[Image-caption web data]

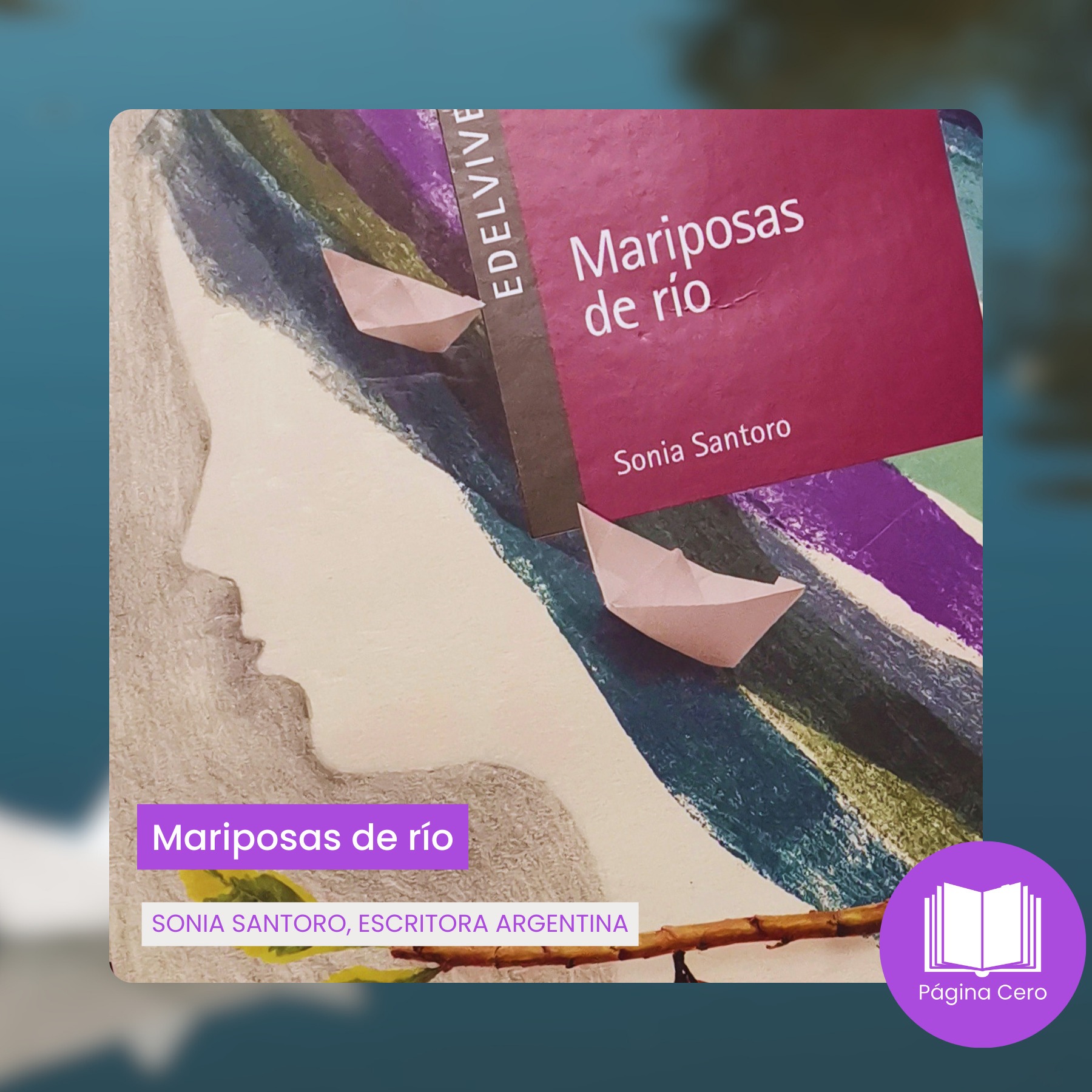 T3 E37: Mariposas de río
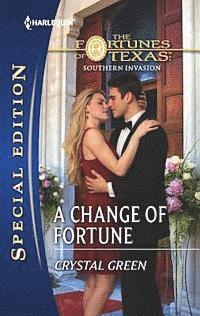 Crystal Green - Change of Fortune, E-bok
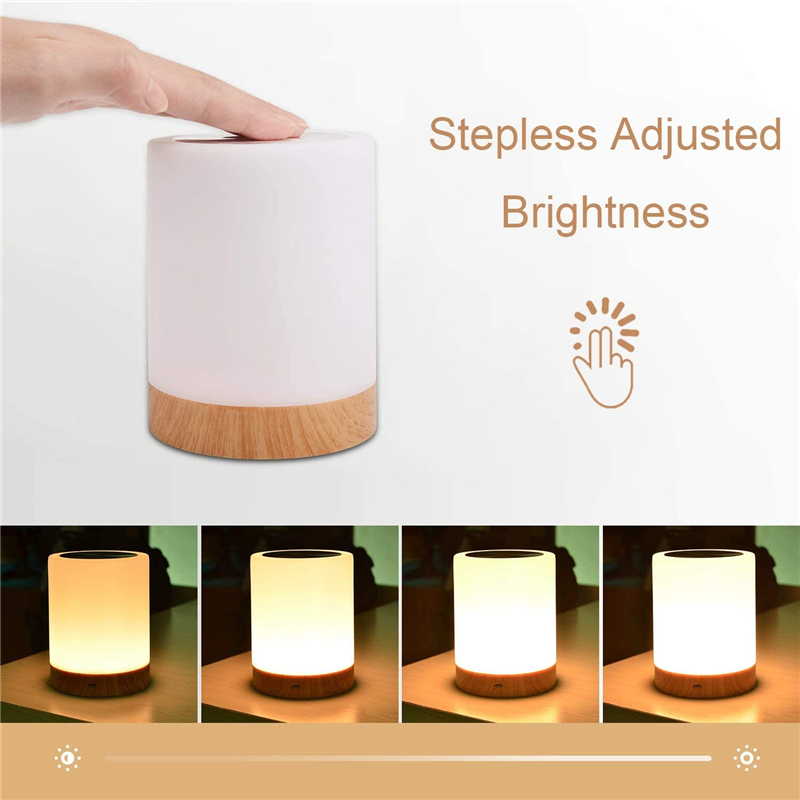 Nachtlampje touch sensor lamp  - Smart Baby Night Light recensie en prijs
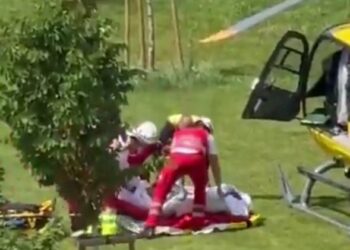Tiroteo emergencia en Austria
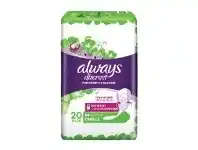 Always Discreet for Sensitive Bladder Small 20 Pack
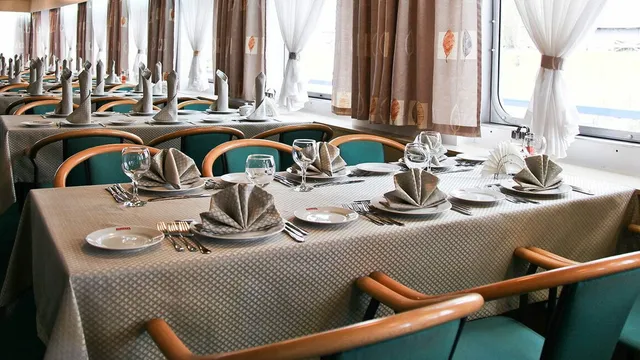 Ресторан Волга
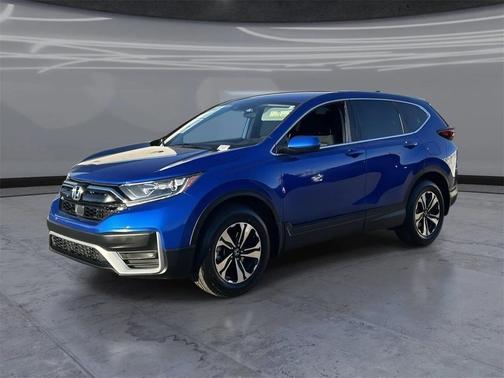 2021 Honda CR-V AWD Special Edition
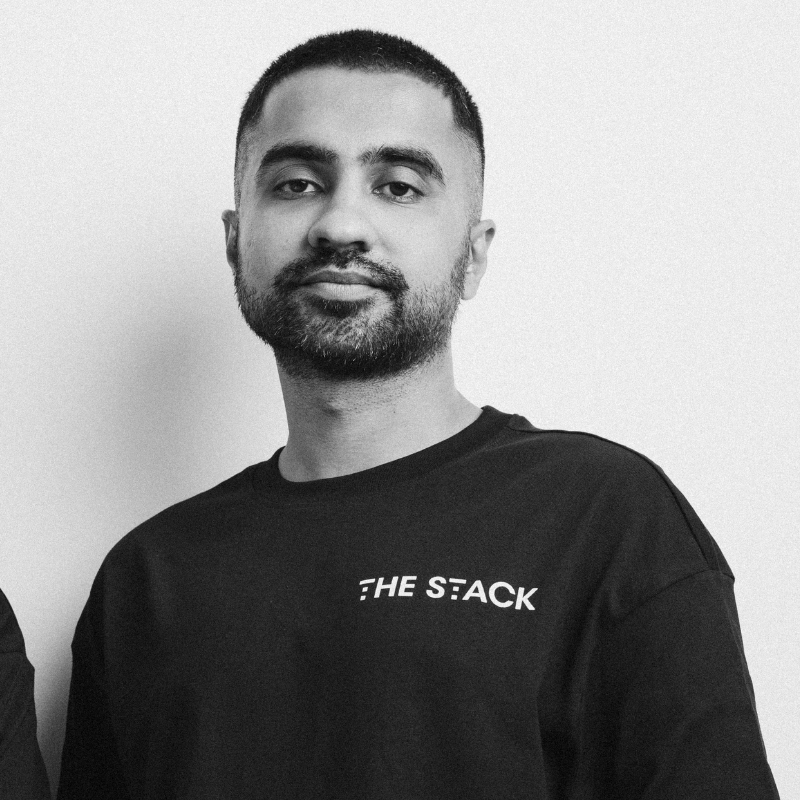 Jatan and Tushar, founders of Perfora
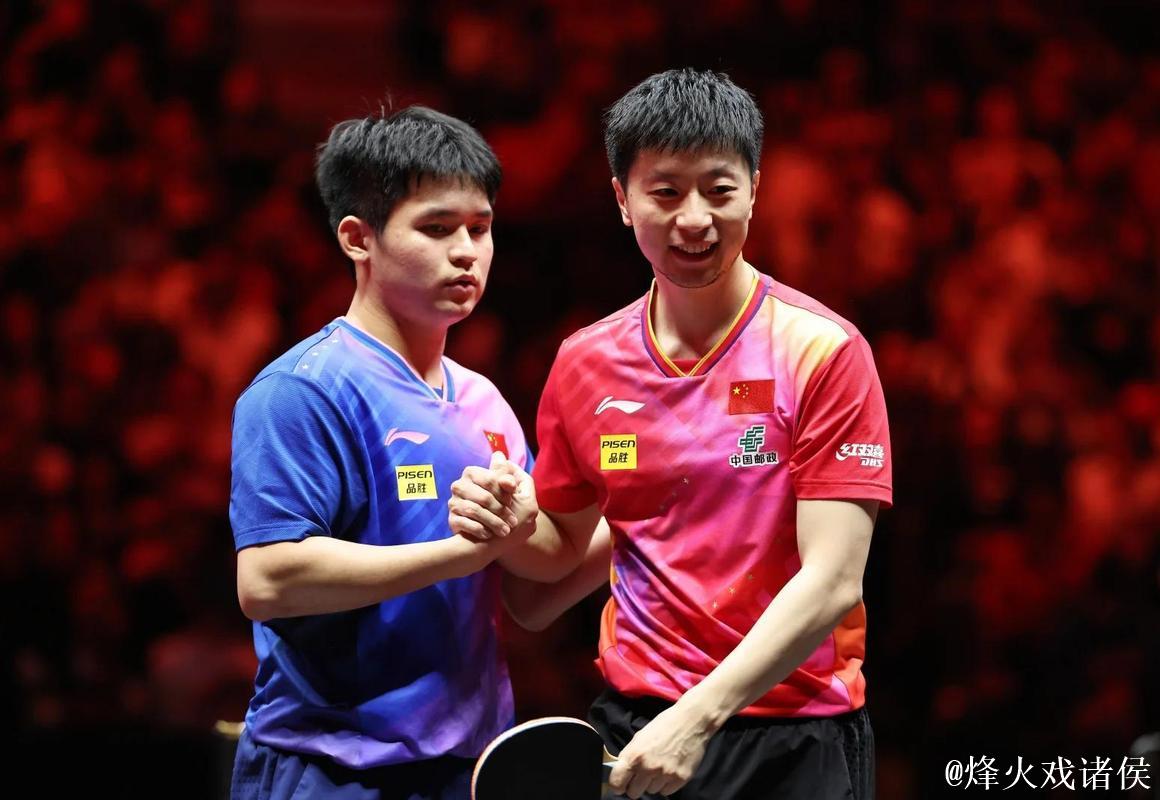 WTT多哈冠军赛︱国乒新年头三战“开门红”,林诗栋非常想为男队打出士气 WTT多哈冠军赛︱国乒新年头三战“开门红”,林诗栋非常想为男队打出士气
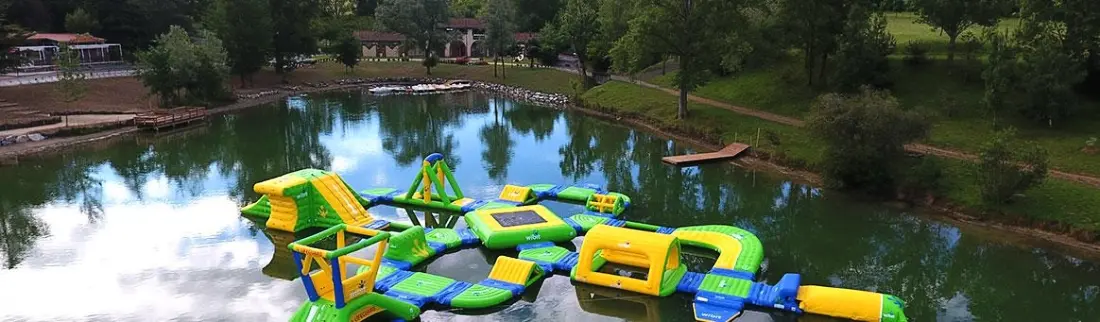 Flower Camping Du Lac De Thésauque 3 étoiles★★★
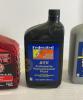 New Oils, Lubricants, and Bin - 6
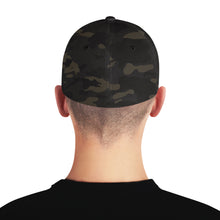Load image into Gallery viewer, Bogey Brothers Flex Fit Structured Twill Cap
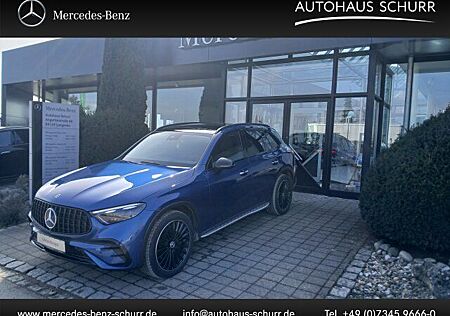 Mercedes-Benz GLC 220 d 4M Technik-Paket AMG Line/LED/360°/HUD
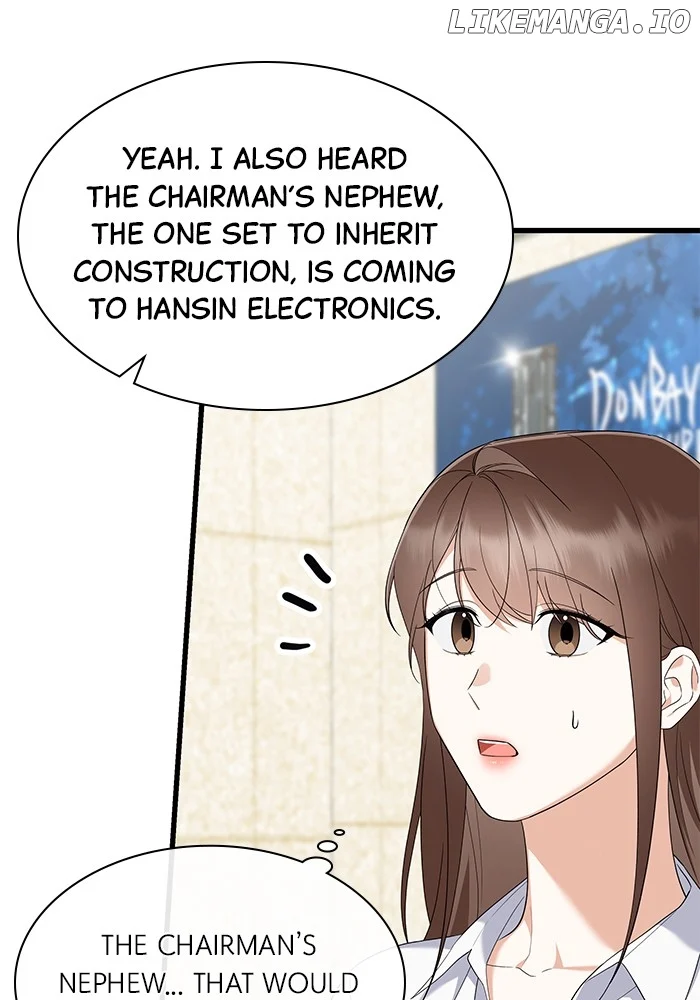 Newcomers Turn Low at Night Chapter 34 page 104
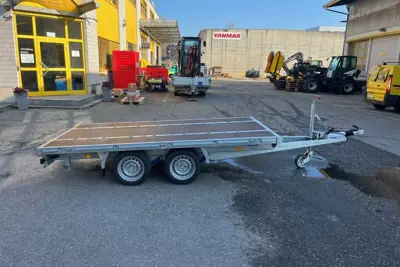 SIGG Transportanhänger PLT2733-T1N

▸ EXERCISE:
Set down exactly the lines running from the beginning of the entries above to the line that contains "Jatan and Tushar, founders of Perfora", including both, and leave out pictures.

▸ OUTPUT FOR THIS TASK:
 T3 E37: Mariposas de río
 Crystal Green - Change of Fortune, E-bok
 Nachtlampje touch sensor lamp  - Smart Baby Night Light recensie en prijs
Tiroteo emergencia en Austria
 Always Discreet for Sensitive Bladder Small 20 Pack
 Ресторан Волга
 2021 Honda CR-V AWD Special Edition
 Jatan and Tushar, founders of Perfora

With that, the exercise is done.